=== Records for the exercise ===
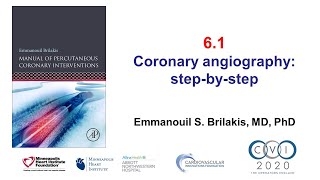 61 Manual of PCI  How to perform coronary angiography [upl. by Sille]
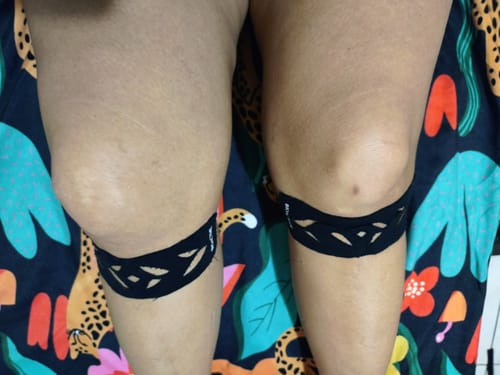 Customer photo review of Easy Kinesiology Tape (30-Day Supply)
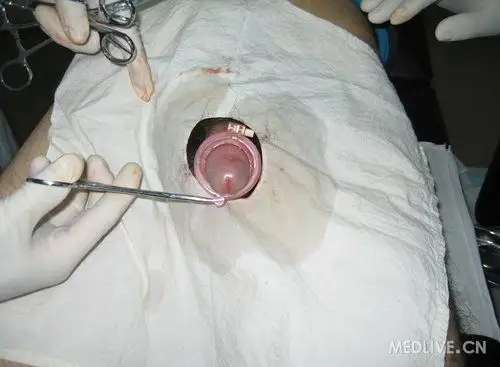 最新包皮环切图谱真实图片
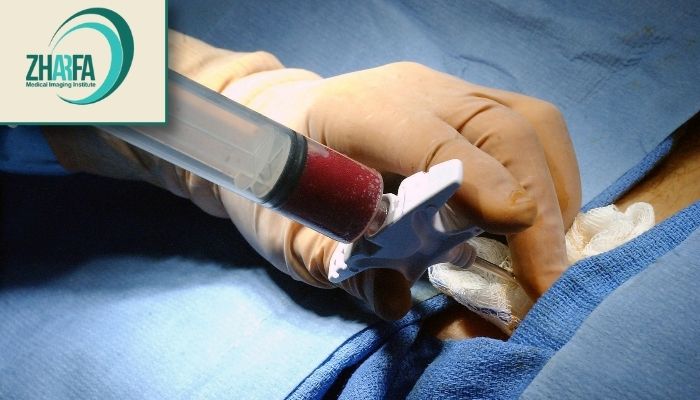 انواع بیوپسی بر اساس محل انواع بیوپسی بر اساس محل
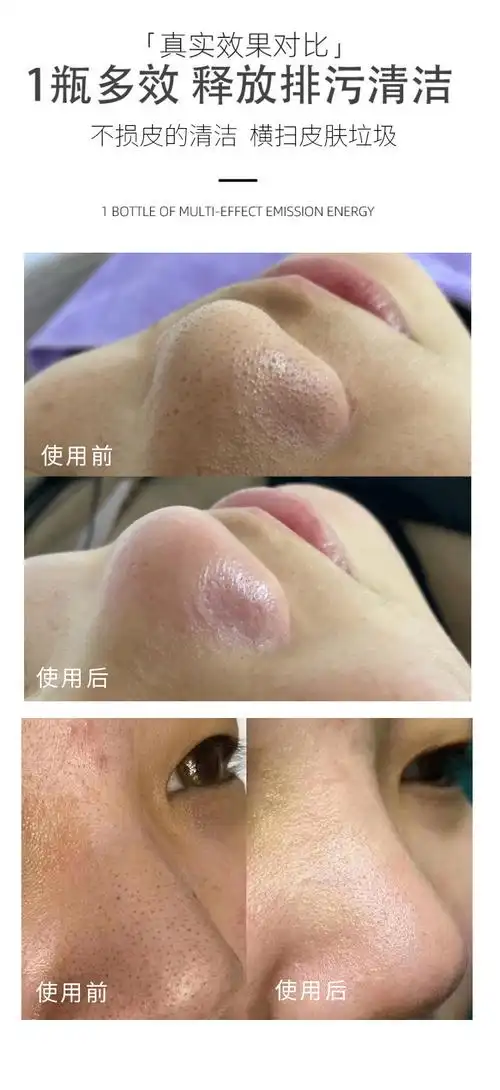 美容院黑头毛囊清洁术毛孔洗澡净化霜深层去角质黑头排污按摩膏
===
| To do |
Every line of the data above should be repeated exactly. Omit the pictures.

| Worked solution |
 61 Manual of PCI  How to perform coronary angiography [upl. by Sille]
 Customer photo review of Easy Kinesiology Tape (30-Day Supply)
 最新包皮环切图谱真实图片
 انواع بیوپسی بر اساس محل انواع بیوپسی بر اساس محل
 美容院黑头毛囊清洁术毛孔洗澡净化霜深层去角质黑头排污按摩膏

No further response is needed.